Her 09 calibre with body oil spray annually, at 73k.

I have concluded that with the amount we drive that it is body corrosion, and the systems it attacks that is putting the end to our cars, not wearing them out mechanically. I still do the oil changes every 5k.

Oh, change the cooling system anitfreeze every 2-3 years also.


----------



## Addy (Mar 12, 2010)

Who uses synthetic, and why do you? I know all the google answers, but I'm curious to hear first hand why the switch.


----------



## lonewolf (Jun 12, 2012)

When I get my oil changed @ Wallmart. I tell them how many grease nipples there are on the car & stand around the viewing area to make sure they are greased. I think a lot of times expensive parts wear out on a car when it is taken in for an oil change & the parts that need greasing are not greased. Its good to keep an eye on it.


----------



## andrewf (Mar 1, 2010)

I don't know why people would skimp on oil changes. They're dirt cheap, in terms of total cost of ownership of the car.

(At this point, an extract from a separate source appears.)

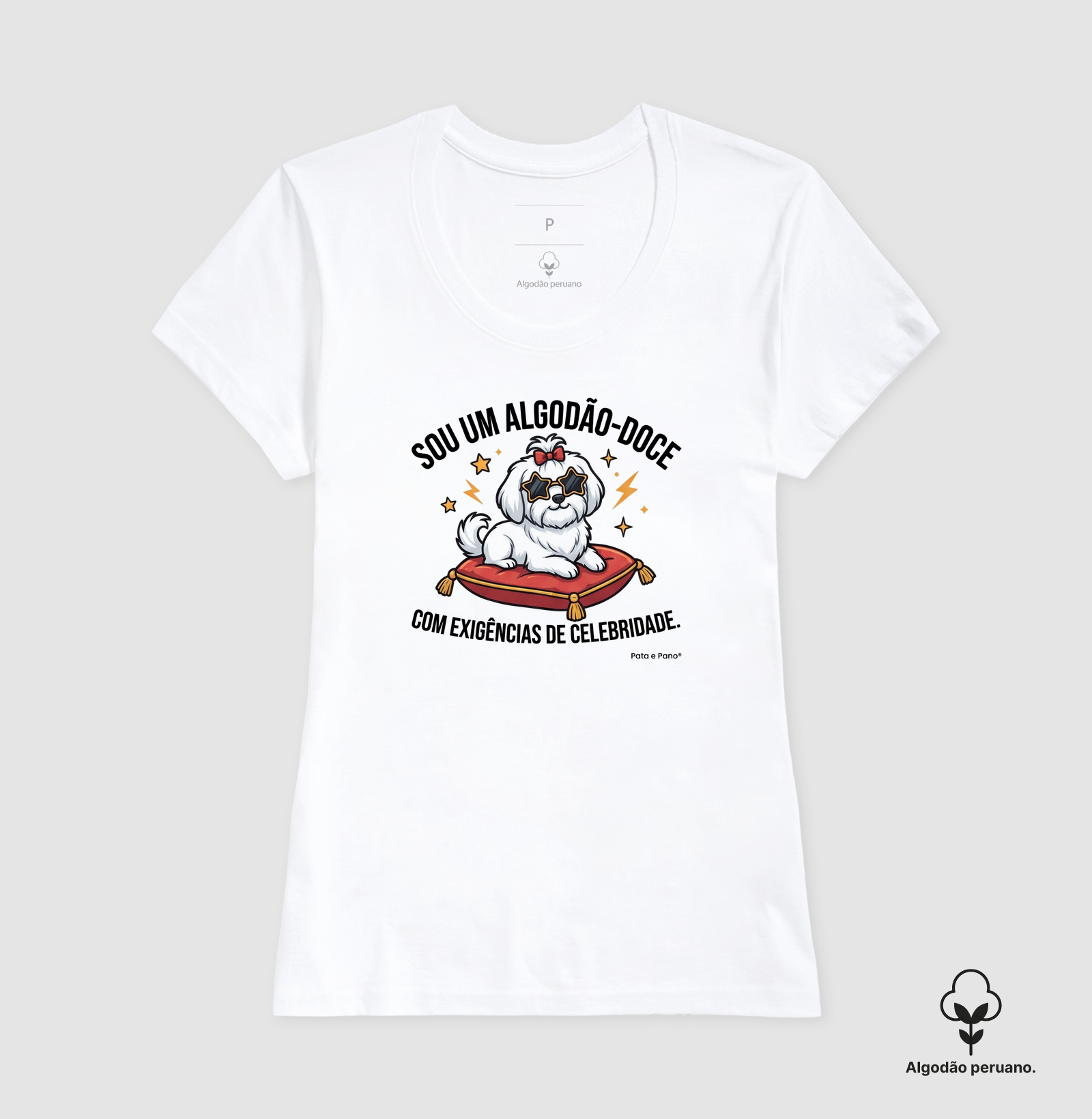 CAMISETA ALGODÃO PERUANO MALTÊS ALGODÃO-DOCE - Imagem 8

My car calls for 8,000 km/4 months. I change every 4 months, usually with about 6k kms. I've considered switching to synthetic and less frequent changes, but I don't want to void the warranty. I have another 2 years until the powertrain warranty is up.


----------



## fraser (May 15, 2010)

every 6K, and never go for more than a six month interval. Am at 300K-burns no oil, leaks no oil. And I do the air filter regularly.

Plus...transmission fluid, brake fluid, rad (with manufacturer's product vs commercial brand), and steering flushes, timing belt as per manufacturer's recommendation. And never at those quickie lube joints.

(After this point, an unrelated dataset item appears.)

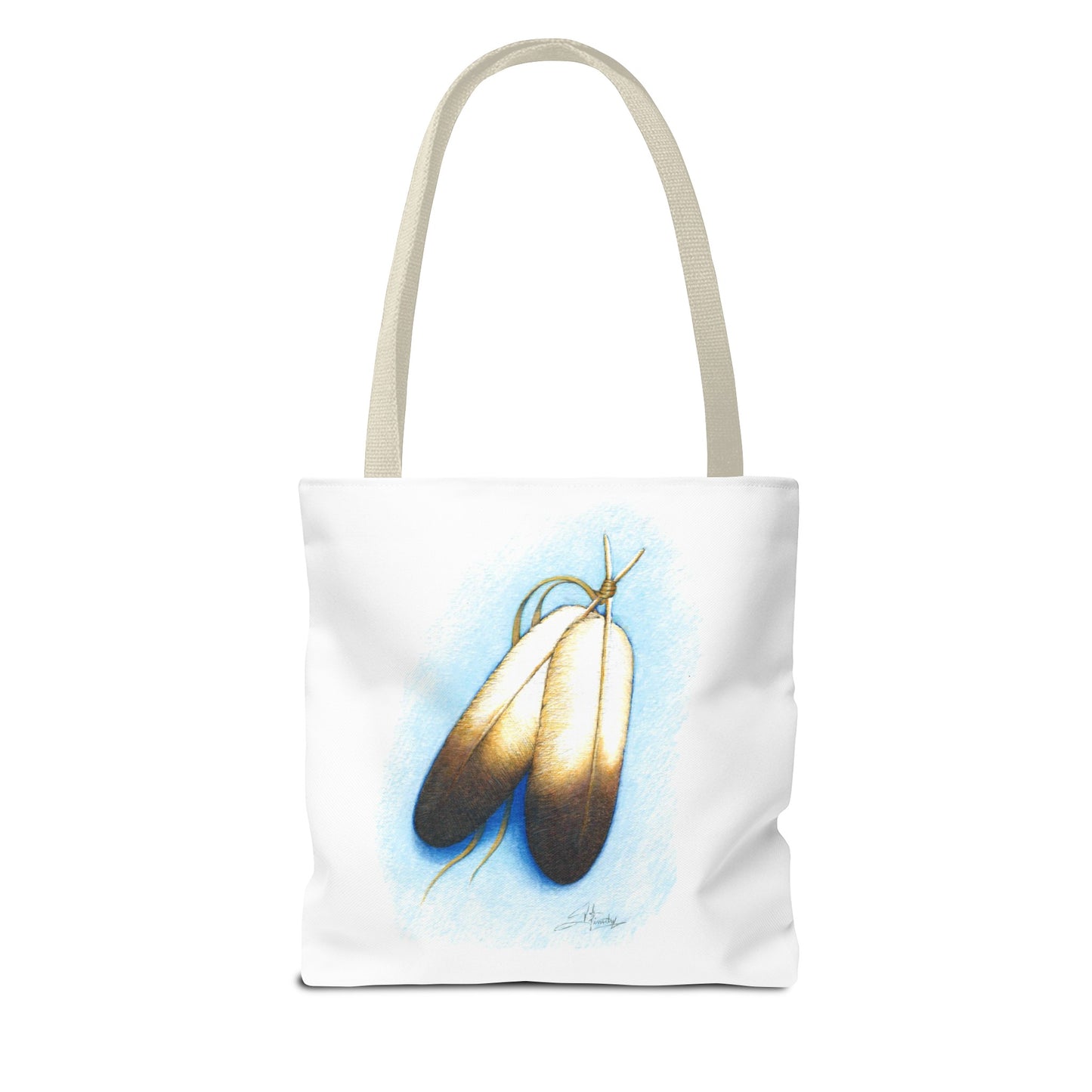 Double Feather Tote Bag, Native American design, book bag, powwow tote bag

I get the oil change at the dealer. They have a great promo price and will do it while I wait.


----------



## m3s (Apr 3, 2010)

Addy said:


> Who uses synthetic, and why do you? I know all the google answers, but I'm curious to hear first hand why the switch.

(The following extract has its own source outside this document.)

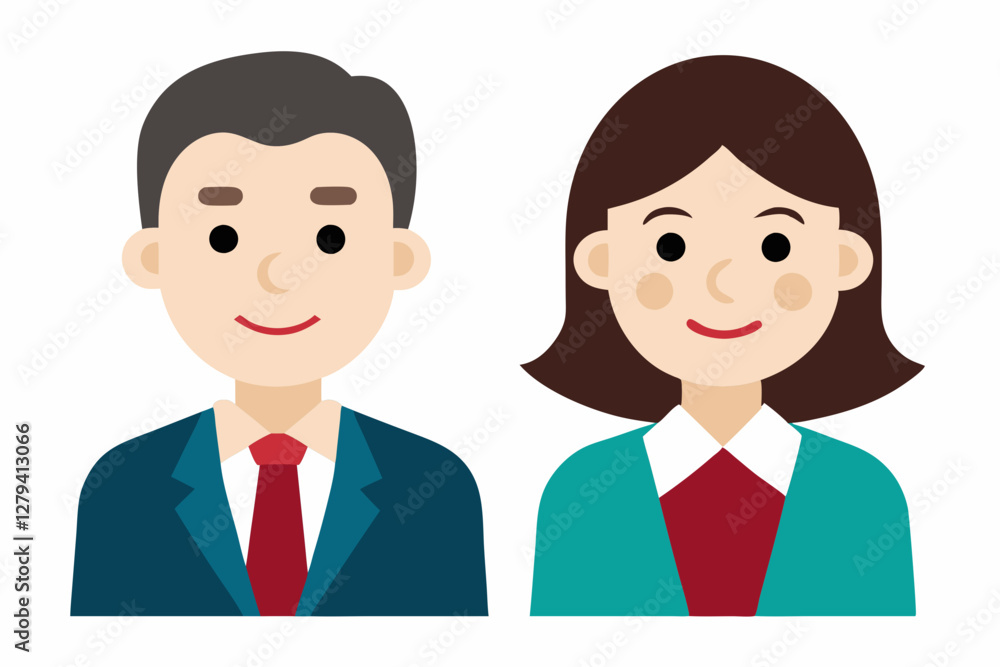 Businesswoman and businessman character cartoon art illustration Businesswoman and businessman character cartoon art illustration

I do because my engine requires it and has always ran on it, at 15,000 kms intervals (I DIY change it around 7.5k because I drive hard, and that lasts nearly a year already) It really depends on the engine and what it was designed and used for.. switching from conventional to synthetic is endlessly debated on any auto forum to the point that it's become a forbidden topic.

Synthetic oil is better for cold Canadian starts (where most of the engine wear occurs) lasts much much longer even in high temperature (racing) and costs about the same. If you've always used conventional oil and don't mind the short interval I would just stick with conventional though..


----------



## AGHFX (Aug 31, 2012)

andrewf said:


> I don't know why people would skimp on oil changes. They're dirt cheap, in terms of total cost of ownership of the car.


It's not that I'm trying to skimp. I'm not very knowledgeable with car stuff and some of the things I read on other websites didn't give a definite answer to my questions. I want to make sure that I do it now if it's necessary (which, now I know that it's best I do it now). On the other hand, I didn't want to change it if the general consensus was to change it every X amount of km. Bringing my car in for service is a hassle for me so I want to make sure that everything is done tomorrow to make it run smoothly until it's time to put the winters back on.


----------



## andrewf (Mar 1, 2010)

When in doubt, read and follow the owners manual. Service intervals vary by make and model. And when they say X distance or Y months, they mean whichever comes first.


----------



## hystat (Jun 18, 2010)

lonewolf said:


> When I get my oil changed @ Wallmart. I tell them how many grease nipples there are on the car & stand around the viewing area to make sure they are greased. I think a lot of times expensive parts wear out on a car when it is taken in for an oil change & the parts that need greasing are not greased. Its good to keep an eye on it.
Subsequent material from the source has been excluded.